%%

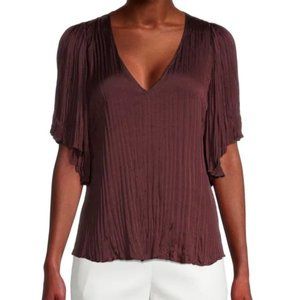 NWT VINCE Crushed Satin Flutter Sleeve V-Neck Popover sz M
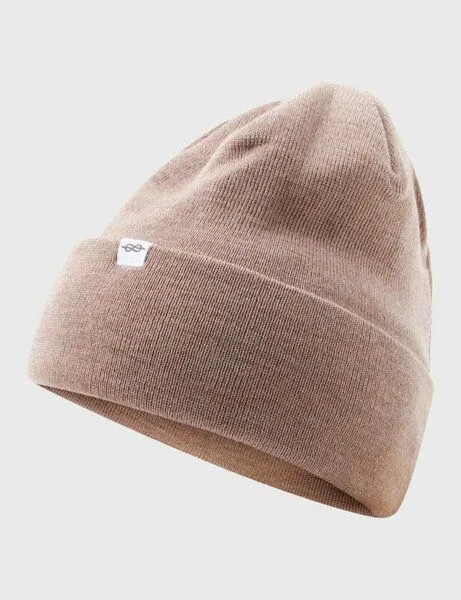 Klitmøller Collective Klitmøller Collective Fine Rib Beanie aus mulesingfreier Merinowolle, Beige (sand), – Produktbild 1 von 2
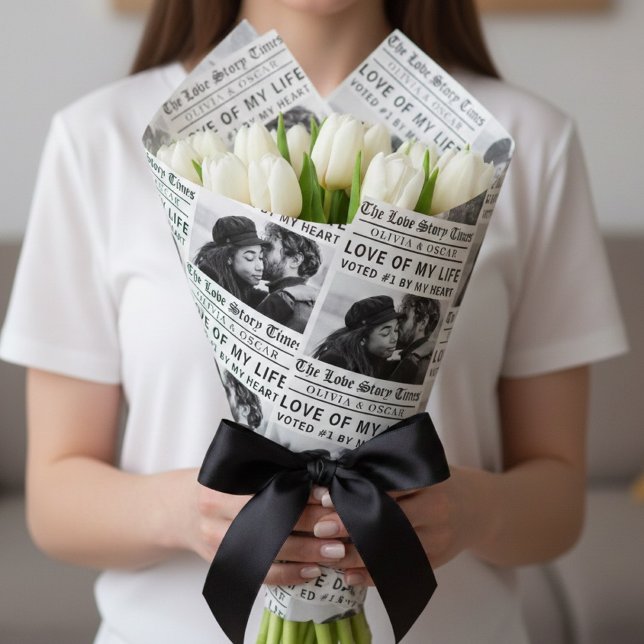 Papel De Presente Foto da História de Amor Personalizada |  (Criador carregado)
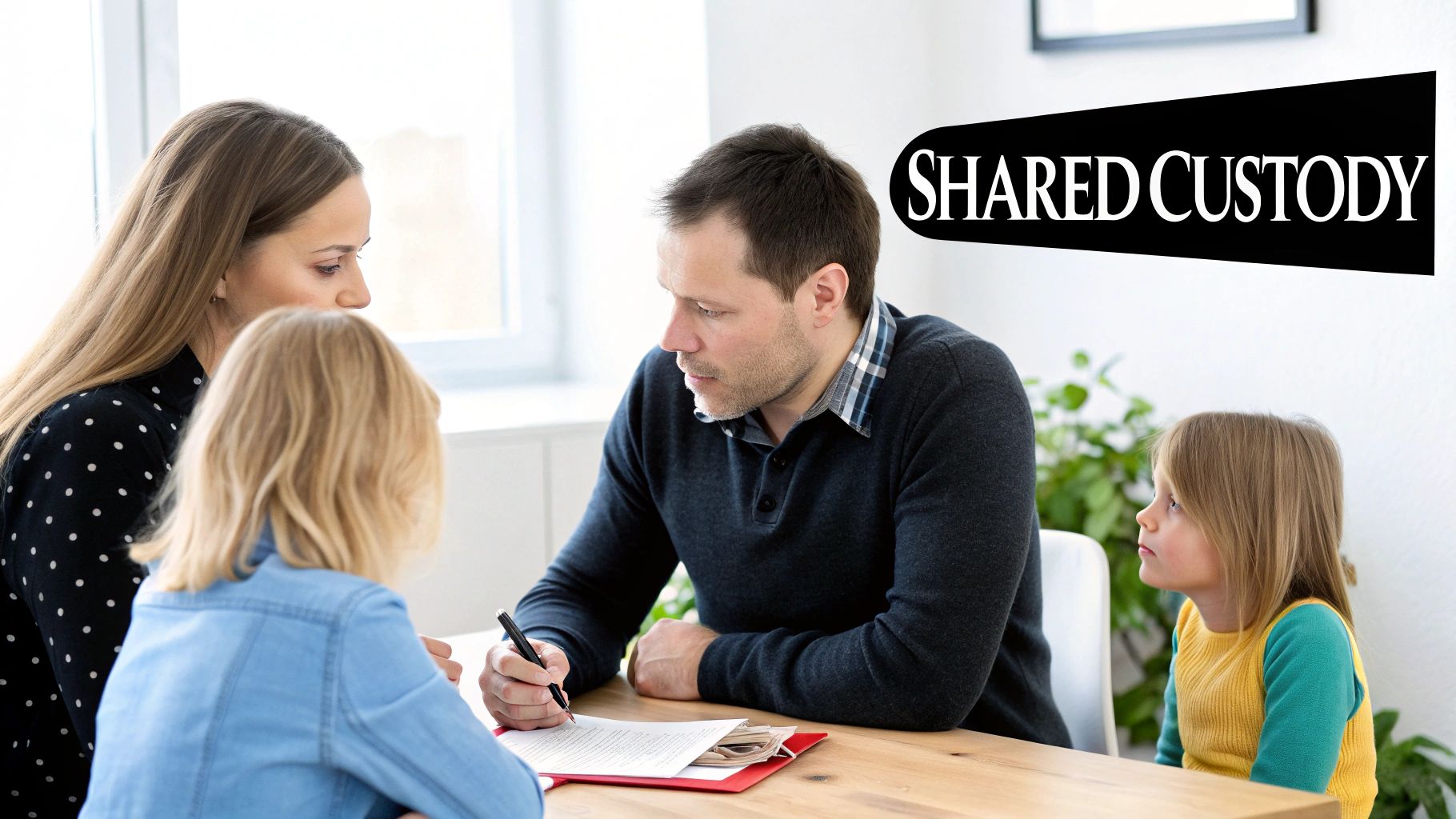 Parents signing shared custody agreement documents with their two children present at meeting table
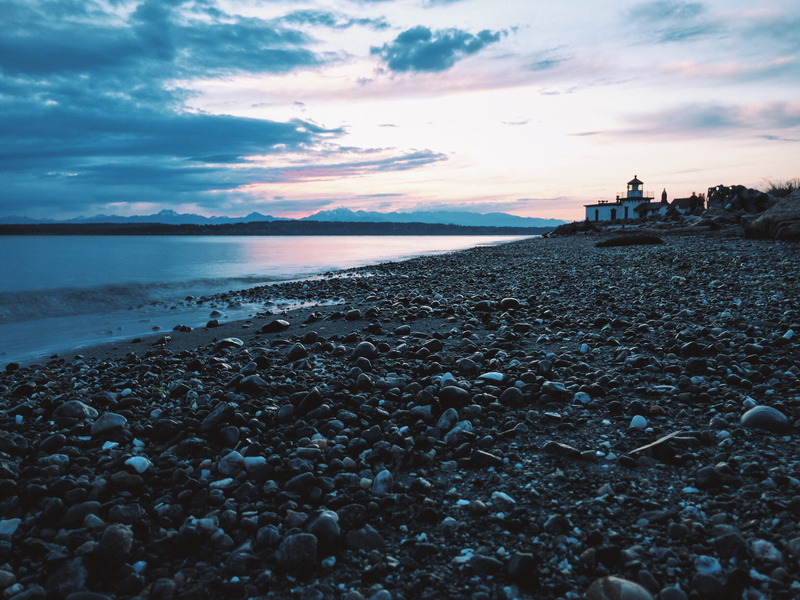 iphoneography, cloud - sky, pebble, stone, united states, groyne, rock, pnw, discovery park, iphone, nature, surface level, sea, sun, sunset, seattle, solid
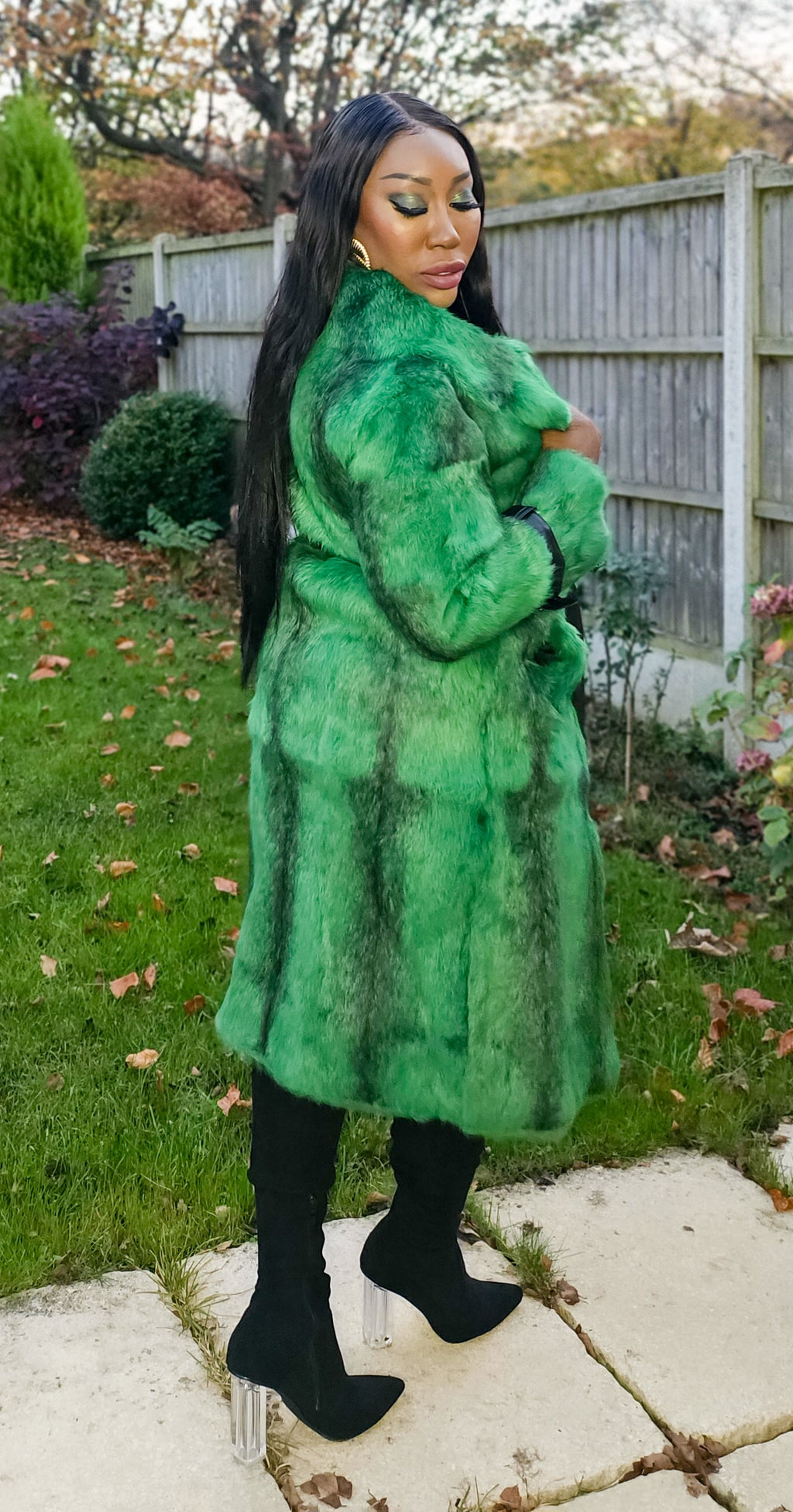 Green & Black Fur Coat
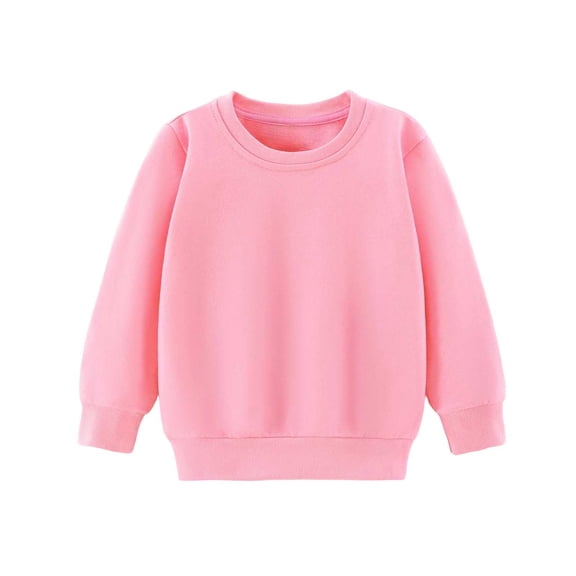 Khunlpohl Boys Girls Sweatshirts Cotton Crew Neck Long Sleeve Plain Clothes Comfortable Casual Soft Tops for Kids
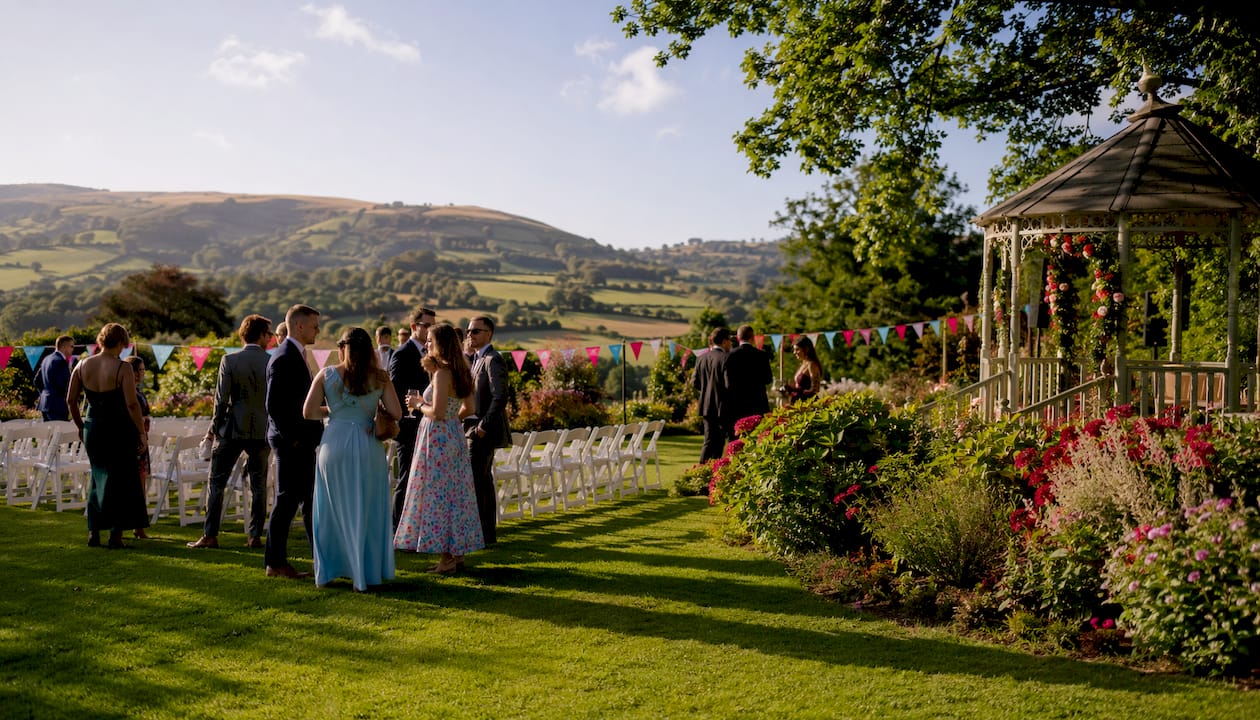 Outdoor wide open wedding venue in countryside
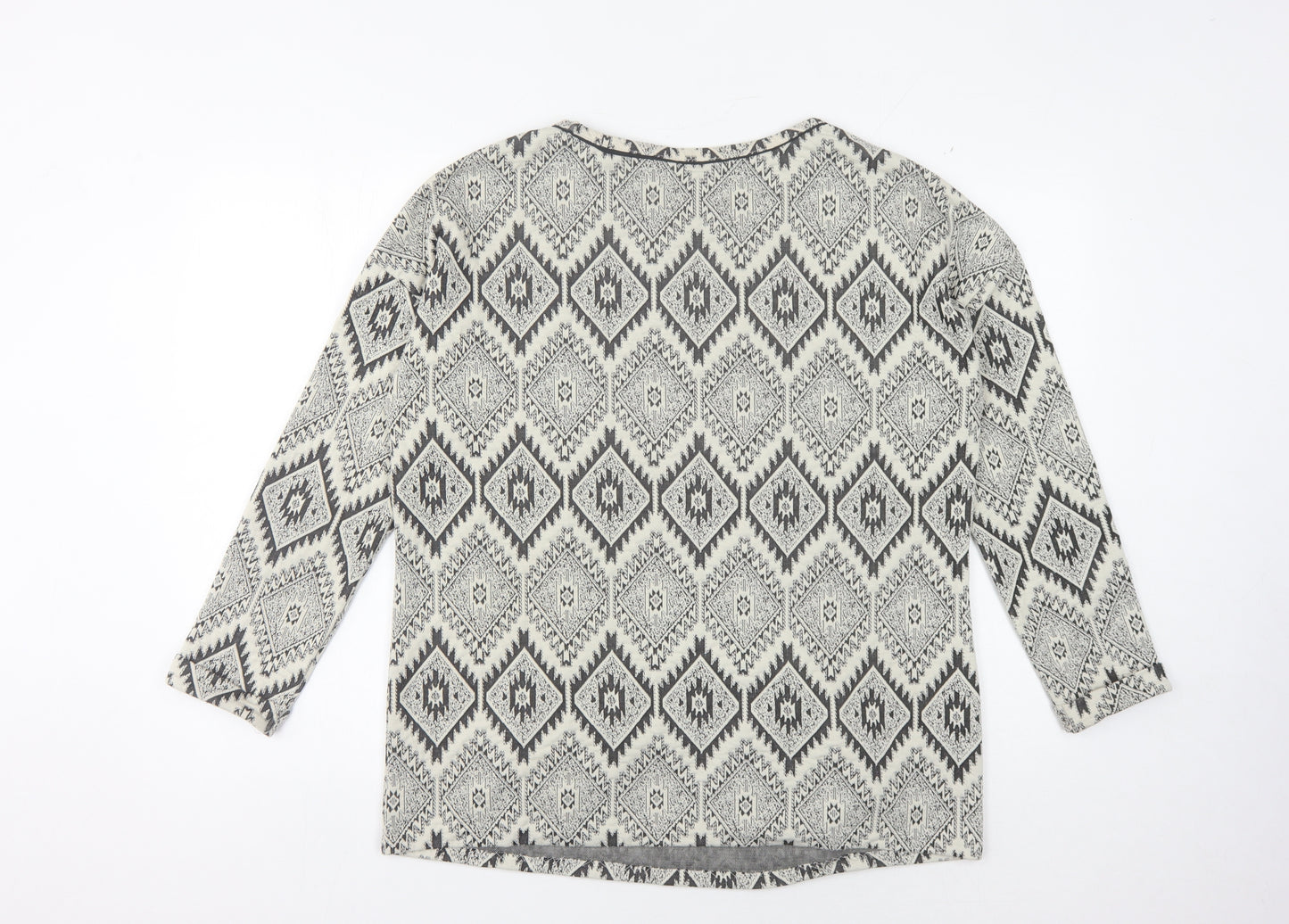 Debenhams Women's Grey Geometric Jumper Size 14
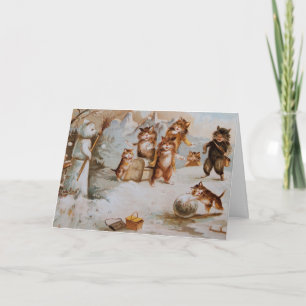 Chats dans la carte de vacances de combat de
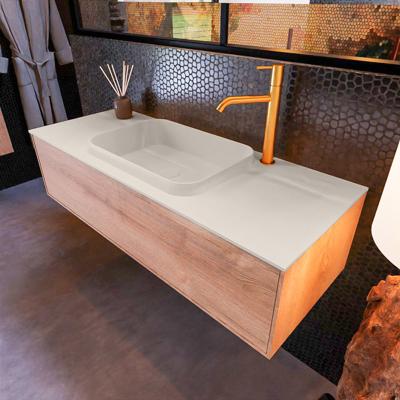 Badkamermeubelset Mondiaz Erin 120 cm met 1 Lade met RIDGE Wastafel Midden Linen met 1 kraangat Greeploos Mat Washed Oak Badkamermeubelset Mondiaz Erin 120 cm met 1 Lade met RIDGE Wastafel Midden Linen met 1 kraangat Greeploos Mat Washed Oak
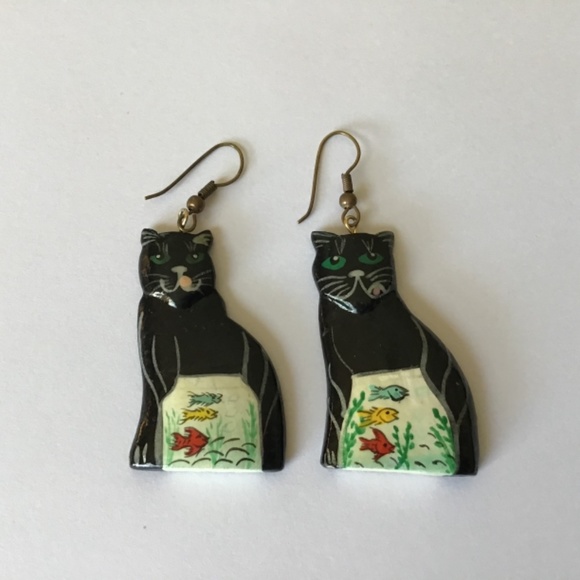 Vintage Cat Earrings Hand Painted Wood Feline Kitty - Picture 3 of 13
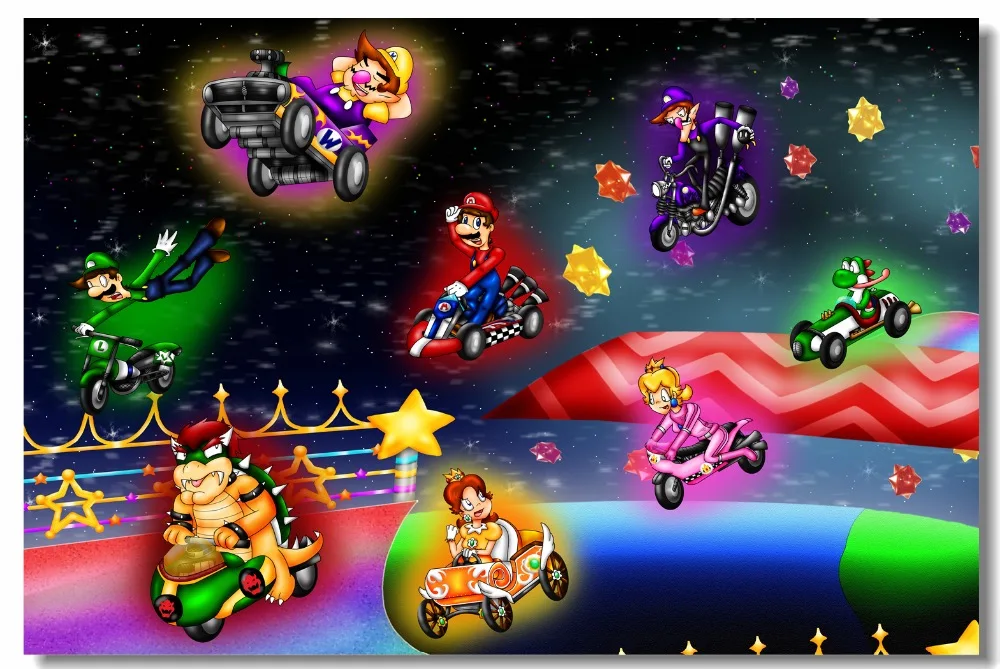 カスタムキャンバス壁デカールマリオカート8デラックスポスタースーパーマリオ壁紙ビデオゲーム壁画ステッカーの子供の寝室の装飾 0474 Wall Stickers Aliexpress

%%

Exercise goal
Nothing but the records, restated word for word and stripped of images, belongs in the answer.

Solution for this problem
 NWT VINCE Crushed Satin Flutter Sleeve V-Neck Popover sz M
 Klitmøller Collective Klitmøller Collective Fine Rib Beanie aus mulesingfreier Merinowolle, Beige (sand), – Produktbild 1 von 2
 Papel De Presente Foto da História de Amor Personalizada |  (Criador carregado)
 Parents signing shared custody agreement documents with their two children present at meeting table
 iphoneography, cloud - sky, pebble, stone, united states, groyne, rock, pnw, discovery park, iphone, nature, surface level, sea, sun, sunset, seattle, solid
 Green & Black Fur Coat
 Khunlpohl Boys Girls Sweatshirts Cotton Crew Neck Long Sleeve Plain Clothes Comfortable Casual Soft Tops for Kids
 Outdoor wide open wedding venue in countryside
 Debenhams Women's Grey Geometric Jumper Size 14
 Chats dans la carte de vacances de combat de
 Badkamermeubelset Mondiaz Erin 120 cm met 1 Lade met RIDGE Wastafel Midden Linen met 1 kraangat Greeploos Mat Washed Oak Badkamermeubelset Mondiaz Erin 120 cm met 1 Lade met RIDGE Wastafel Midden Linen met 1 kraangat Greeploos Mat Washed Oak
 Vintage Cat Earrings Hand Painted Wood Feline Kitty - Picture 3 of 13
 カスタムキャンバス壁デカールマリオカート8デラックスポスタースーパーマリオ壁紙ビデオゲーム壁画ステッカーの子供の寝室の装飾 0474 Wall Stickers Aliexpress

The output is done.